Inzwischen würden nicht nur die Ungewissheit über den weiteren Verlauf der Corona-Pandemie und der Fachkräftemangel die Geschäftserwartungen bremsen. Die Sorgen um die Entwicklung der Energie- und Rohstoffpreise hätten nun die Spitzenposition eingenommen. „Der Anteil der Unternehmer, die diesen Faktor als Risiko angeben liegt inzwischen bei fast 75 Prozent und damit so hoch, wie noch nie seit Beginn der Befragung im Jahr 2011“, erklärt Dr. Cornelia Haase-Lerch. Zum Tragen komme hier auch die Unsicherheit vieler Unternehmen, welche Kosten mit der Transformation hin zu einer klimaneutralen Wirtschaft, z.
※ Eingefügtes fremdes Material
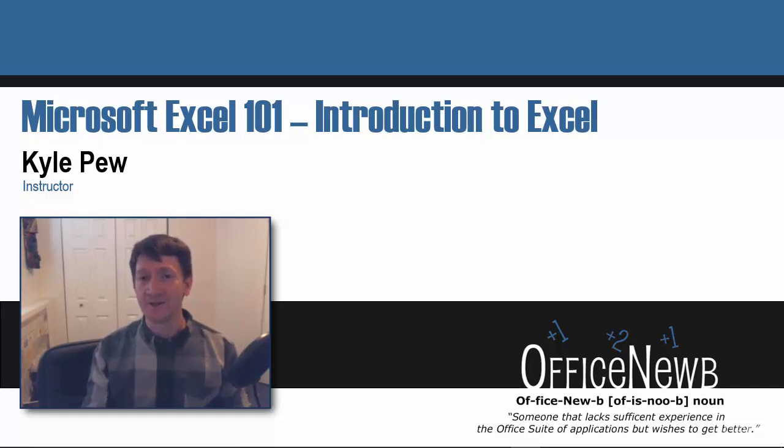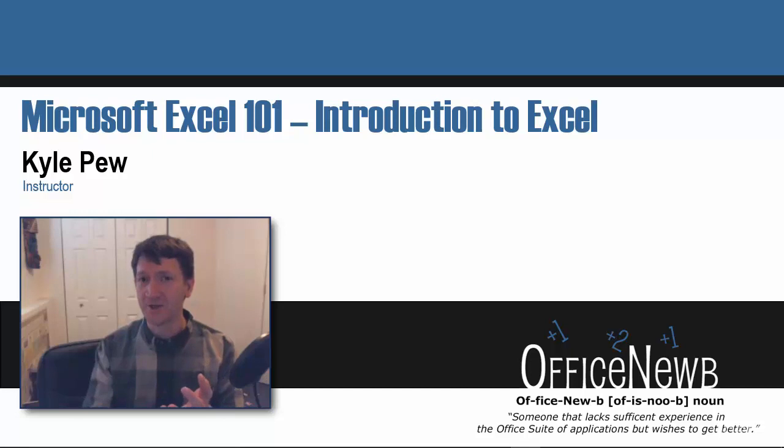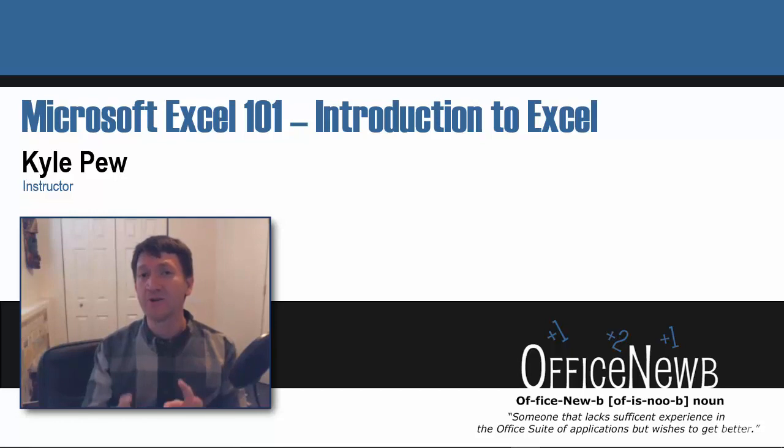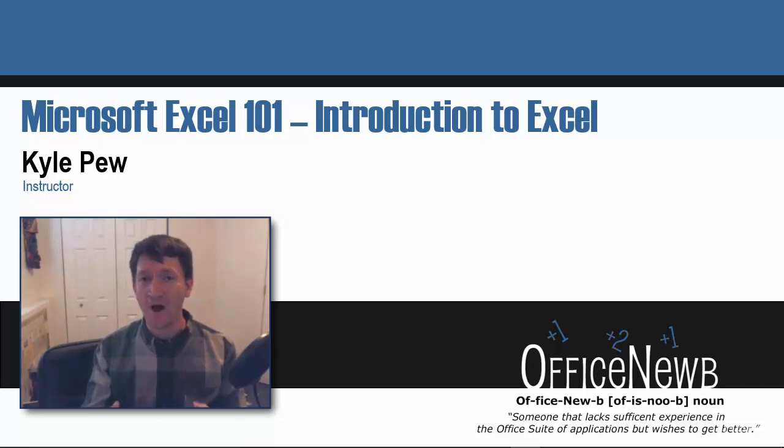At the end of each section, you'll have exercises you can use, sample files that I'm going to provide for you, and a quiz. Make sure you download the exercise files and follow along.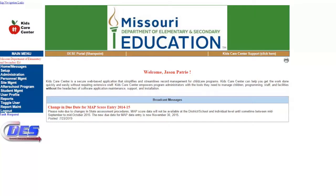For each new school year or summer program, you will need to create your program and activities within that program. As a general rule of thumb, most of the time you will only have one program at a site during a school year and then a diverse offering of different activities housed under it.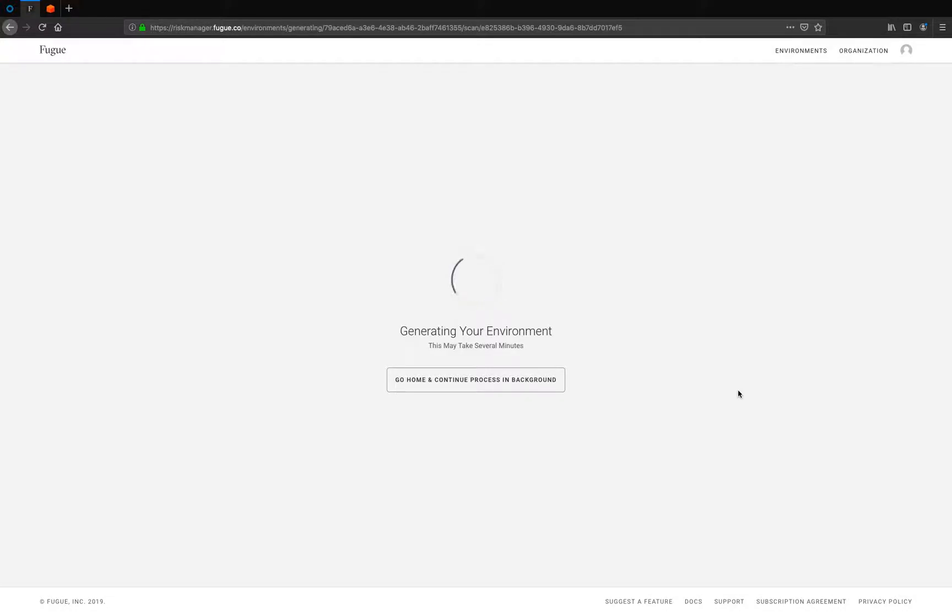So now the environment is being generated. This'll take about five minutes, so I'll see you back here in a few seconds of your time.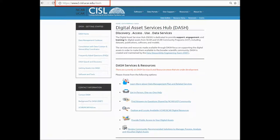The Digital Asset Services Hub, or DASH, is a web-based resource center dedicated to providing support and training for those who are working with and producing digital scientific products at NCAR. These scientific products include publications, datasets, software, and models.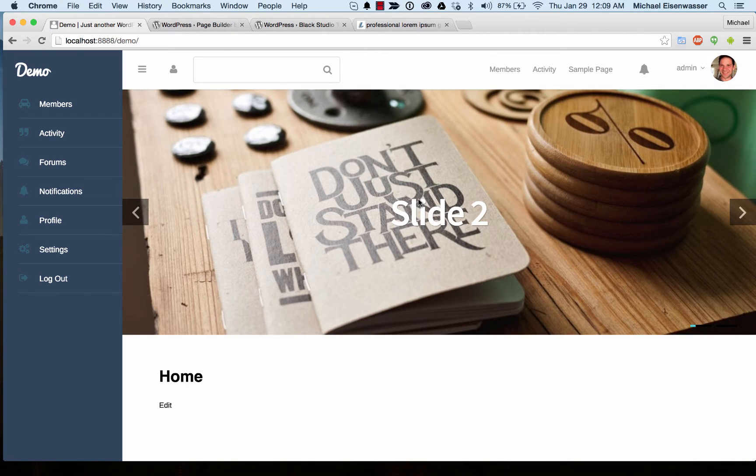I'm going to teach you how to set up content blocks on your home page or really any page using the Boss theme by BuddyBoss.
B. durch CO2-Bepreisung, und der Umsetzung des Green Deal auf sie zukommen werden.
Das Thema Fachkräfteknappheit spiegele sich in den Beschäftigungsplänen der Firmen deutlich wider. Die Mehrzahl der Unternehmer (67 Prozent) wolle den vorhandenen Mitarbeiterbestand beibehalten, 16 Prozent sogar neues Personal einstellen. Der Stellenabbau, der von 17 Prozent der Befragten in Erwägung gezogen werde, sei häufig auch auf den Mangel an geeigneten Mitarbeitern zurückzuführen. Vor diesem Hintergrund wäre eine Verlängerung der vereinfachten Zugangsregelungen zum Kurzarbeitergeld über den März 2022 hinaus sehr hilfreich.
Fazit der IHK-Hauptgeschäftsführerin: „Der Weg der konjunkturellen Erholung ist langwierig und steinig. Viele Unternehmen sind von einer normalen Geschäftstätigkeit noch weit entfernt. Es ist deshalb umso wichtiger, dass sich private Investitionen am Wirtschaftsstandort Deutschland wieder lohnen. Gerade die Steuer- und Finanzpolitik muss in dieser Situation einen wichtigen Beitrag leisten.“
Hintergrund: Die Befragung fand von Mitte Dezember 2021 bis Mitte Januar 2022 statt. Befragt wurden rund 700 Unternehmen aus Nord-, Mittel- und Westthüringen aus den Branchen Industrie, Bau, Verkehr, Handel, Gastronomie und Dienstleistungen. Die Rücklaufquote beträgt 42 Prozent.